We applaud efforts like that of Democratic Leader Nancy Pelosi, who, along with 132 members of the House of Representatives, recently filed an amicus brief in the pending court case challenging DOMA’s constitutionality. Although the Obama administration and Attorney General Holder announced earlier this year their conclusion that DOMA is unconstitutional, and the Department of Justice has abandoned its defense of the legislation in several court cases, others in government have deemed state non-recognition of same-sex couples and their children a priority. But attention is not the only resource diverted to this debate: in these times of economic austerity and deep cuts to cutting social safety programs, the original salary cap for legal counsel defending the constitutionality of DOMA have been tripled to a maximum of $1.5 million.
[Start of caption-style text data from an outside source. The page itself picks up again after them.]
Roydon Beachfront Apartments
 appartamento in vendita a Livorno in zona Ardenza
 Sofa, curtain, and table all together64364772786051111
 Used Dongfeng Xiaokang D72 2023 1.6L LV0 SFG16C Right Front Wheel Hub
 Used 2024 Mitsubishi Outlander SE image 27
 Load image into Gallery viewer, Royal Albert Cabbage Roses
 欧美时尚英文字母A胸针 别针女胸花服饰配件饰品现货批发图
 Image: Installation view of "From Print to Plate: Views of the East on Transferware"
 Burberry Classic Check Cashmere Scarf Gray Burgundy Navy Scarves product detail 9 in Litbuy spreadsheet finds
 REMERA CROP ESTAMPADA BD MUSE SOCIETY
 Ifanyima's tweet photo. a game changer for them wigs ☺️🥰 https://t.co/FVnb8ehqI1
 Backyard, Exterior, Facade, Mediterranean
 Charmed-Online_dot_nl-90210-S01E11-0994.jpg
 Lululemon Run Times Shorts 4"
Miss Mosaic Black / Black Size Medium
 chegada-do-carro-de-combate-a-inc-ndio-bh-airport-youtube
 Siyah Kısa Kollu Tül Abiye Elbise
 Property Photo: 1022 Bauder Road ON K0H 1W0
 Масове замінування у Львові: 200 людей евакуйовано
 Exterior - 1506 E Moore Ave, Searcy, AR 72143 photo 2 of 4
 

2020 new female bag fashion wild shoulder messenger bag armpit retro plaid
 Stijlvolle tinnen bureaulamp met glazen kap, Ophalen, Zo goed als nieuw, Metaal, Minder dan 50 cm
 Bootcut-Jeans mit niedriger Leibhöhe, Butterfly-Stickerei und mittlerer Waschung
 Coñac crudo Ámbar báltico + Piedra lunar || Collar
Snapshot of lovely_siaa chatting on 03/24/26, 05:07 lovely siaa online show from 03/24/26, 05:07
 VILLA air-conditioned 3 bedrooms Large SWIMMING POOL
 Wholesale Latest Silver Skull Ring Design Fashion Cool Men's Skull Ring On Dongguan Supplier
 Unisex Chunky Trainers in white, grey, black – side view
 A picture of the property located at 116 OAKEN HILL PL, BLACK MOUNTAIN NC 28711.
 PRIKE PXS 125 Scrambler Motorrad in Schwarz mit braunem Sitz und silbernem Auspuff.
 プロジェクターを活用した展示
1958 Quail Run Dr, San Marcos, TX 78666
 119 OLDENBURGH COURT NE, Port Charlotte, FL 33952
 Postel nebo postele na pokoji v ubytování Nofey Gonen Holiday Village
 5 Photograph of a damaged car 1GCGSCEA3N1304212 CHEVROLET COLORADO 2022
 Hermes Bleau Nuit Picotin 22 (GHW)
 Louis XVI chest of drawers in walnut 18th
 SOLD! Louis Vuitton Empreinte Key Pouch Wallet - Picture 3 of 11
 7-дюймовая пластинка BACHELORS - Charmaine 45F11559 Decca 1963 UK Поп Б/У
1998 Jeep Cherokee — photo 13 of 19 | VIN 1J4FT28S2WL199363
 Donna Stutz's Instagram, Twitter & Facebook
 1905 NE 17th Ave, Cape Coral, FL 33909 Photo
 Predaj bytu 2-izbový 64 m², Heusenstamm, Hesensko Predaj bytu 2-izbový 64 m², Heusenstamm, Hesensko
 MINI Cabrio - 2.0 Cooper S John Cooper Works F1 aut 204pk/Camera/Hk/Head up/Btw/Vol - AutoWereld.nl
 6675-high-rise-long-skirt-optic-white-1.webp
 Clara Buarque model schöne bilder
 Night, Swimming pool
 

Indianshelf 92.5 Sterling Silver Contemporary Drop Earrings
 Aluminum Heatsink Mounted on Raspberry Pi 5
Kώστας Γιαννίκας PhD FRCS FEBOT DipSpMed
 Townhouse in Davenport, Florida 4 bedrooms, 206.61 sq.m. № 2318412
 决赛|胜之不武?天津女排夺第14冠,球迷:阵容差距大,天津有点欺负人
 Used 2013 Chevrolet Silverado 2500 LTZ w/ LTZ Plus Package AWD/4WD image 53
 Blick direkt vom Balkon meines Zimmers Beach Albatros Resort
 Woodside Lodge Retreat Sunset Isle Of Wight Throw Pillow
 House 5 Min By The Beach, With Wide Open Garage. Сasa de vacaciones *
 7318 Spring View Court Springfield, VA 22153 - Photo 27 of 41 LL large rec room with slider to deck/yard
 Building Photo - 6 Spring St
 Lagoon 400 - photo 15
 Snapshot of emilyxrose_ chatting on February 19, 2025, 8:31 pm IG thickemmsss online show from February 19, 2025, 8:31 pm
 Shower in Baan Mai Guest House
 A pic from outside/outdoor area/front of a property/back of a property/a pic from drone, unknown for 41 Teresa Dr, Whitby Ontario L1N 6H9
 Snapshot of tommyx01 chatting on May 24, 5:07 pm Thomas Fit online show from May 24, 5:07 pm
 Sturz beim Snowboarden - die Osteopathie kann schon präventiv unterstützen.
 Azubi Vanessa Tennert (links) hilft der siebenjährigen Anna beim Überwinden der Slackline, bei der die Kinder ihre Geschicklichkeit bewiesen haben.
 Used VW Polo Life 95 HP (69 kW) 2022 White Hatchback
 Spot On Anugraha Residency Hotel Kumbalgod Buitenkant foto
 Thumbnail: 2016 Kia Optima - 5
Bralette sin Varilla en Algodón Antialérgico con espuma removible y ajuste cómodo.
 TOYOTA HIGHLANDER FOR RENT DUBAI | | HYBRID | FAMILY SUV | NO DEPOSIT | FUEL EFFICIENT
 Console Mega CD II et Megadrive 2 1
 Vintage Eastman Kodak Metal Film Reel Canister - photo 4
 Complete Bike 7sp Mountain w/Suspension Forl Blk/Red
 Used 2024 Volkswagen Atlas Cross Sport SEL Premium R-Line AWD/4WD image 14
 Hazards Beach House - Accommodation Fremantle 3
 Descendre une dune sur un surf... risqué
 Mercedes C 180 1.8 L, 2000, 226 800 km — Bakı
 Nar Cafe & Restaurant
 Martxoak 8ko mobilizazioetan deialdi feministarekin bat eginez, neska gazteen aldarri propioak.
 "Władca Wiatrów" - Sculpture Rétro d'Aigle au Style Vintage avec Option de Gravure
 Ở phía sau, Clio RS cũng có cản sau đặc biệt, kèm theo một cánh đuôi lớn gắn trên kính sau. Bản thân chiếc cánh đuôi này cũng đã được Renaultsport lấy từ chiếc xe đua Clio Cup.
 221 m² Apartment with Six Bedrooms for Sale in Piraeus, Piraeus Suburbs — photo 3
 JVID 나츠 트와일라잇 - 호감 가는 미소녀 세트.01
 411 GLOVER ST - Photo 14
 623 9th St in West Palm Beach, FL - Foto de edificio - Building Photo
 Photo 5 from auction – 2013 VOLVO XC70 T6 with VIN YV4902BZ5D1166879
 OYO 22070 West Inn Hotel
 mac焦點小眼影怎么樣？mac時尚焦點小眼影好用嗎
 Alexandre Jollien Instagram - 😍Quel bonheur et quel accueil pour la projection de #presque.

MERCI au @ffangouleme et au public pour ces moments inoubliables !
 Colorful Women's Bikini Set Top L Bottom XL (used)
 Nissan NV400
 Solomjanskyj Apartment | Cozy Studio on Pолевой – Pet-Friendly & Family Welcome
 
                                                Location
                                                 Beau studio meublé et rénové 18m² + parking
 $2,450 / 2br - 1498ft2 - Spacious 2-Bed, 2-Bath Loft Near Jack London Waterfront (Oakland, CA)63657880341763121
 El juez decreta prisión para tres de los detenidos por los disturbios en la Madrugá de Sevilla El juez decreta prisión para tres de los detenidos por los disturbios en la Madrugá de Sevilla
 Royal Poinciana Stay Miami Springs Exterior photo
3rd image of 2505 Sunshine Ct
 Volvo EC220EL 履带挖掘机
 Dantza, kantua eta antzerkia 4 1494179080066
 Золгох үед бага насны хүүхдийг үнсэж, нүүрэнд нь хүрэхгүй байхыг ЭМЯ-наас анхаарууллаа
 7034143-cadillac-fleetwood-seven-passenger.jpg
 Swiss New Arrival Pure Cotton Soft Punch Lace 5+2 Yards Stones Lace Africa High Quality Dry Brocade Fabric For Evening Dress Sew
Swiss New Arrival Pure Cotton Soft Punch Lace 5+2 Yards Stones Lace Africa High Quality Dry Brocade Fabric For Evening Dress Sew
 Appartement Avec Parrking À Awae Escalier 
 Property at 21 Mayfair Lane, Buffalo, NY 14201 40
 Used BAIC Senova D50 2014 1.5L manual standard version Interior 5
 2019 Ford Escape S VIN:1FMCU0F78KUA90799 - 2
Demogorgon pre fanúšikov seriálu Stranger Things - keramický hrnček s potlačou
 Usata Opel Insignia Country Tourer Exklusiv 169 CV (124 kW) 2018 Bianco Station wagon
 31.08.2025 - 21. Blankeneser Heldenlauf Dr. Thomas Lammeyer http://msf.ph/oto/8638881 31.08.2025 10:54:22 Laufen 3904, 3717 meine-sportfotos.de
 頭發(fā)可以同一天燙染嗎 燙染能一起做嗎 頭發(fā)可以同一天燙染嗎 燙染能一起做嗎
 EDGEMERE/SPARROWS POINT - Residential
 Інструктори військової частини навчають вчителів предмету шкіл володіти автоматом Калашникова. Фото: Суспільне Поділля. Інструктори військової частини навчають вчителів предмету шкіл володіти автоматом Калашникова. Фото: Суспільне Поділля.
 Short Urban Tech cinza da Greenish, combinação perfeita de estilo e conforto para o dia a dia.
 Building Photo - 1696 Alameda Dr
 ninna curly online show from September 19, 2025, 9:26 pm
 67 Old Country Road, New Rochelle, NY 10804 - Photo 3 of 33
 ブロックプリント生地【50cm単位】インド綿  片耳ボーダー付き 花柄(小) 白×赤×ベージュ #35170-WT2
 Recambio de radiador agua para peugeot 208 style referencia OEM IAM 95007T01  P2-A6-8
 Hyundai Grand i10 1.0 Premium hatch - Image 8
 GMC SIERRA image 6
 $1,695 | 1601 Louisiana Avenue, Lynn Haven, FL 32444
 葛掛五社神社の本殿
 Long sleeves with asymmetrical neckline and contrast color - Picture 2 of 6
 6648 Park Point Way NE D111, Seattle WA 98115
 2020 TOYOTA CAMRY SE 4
On November 10, the Senate Judiciary Committee will take another step in this important fight against DOMA as committee members begin debate and mark-up on S. 598—a bill that would repeal Section 3 of DOMA and incorporate language that provides for some same-sex relationship recognition under federal law. Bringing down DOMA is integral to recognizing the invaluable contributions that immigrants and LGBTQ—and their families—make in the United States.
Lesbian, gay, bisexual, transgender, and/or queer-identified (LGBTQ) Latin@s suffer particular hardships in our current climate of anti-LGBTQ rights and anti-immigrant sentiment. LGBTQ Latin@ households are particularly likely to be binational, meaning that one of the partners is a non-citizen, or mixed-status, meaning that one of the parents is a non-citizen and one of the children is a citizen. As a result, LGBTQ Latin@s are caught in not one but two dysfunctional systems. On the one hand, DOMA continues to violate the human rights of individuals in same-sex relationships. And on the other, the immigration system increasingly operates on the basis of racial profiling, “legally” (but unconstitutionally) ignores LGBTQ family relationships, and inhumanely separates partners, parents, children, and families.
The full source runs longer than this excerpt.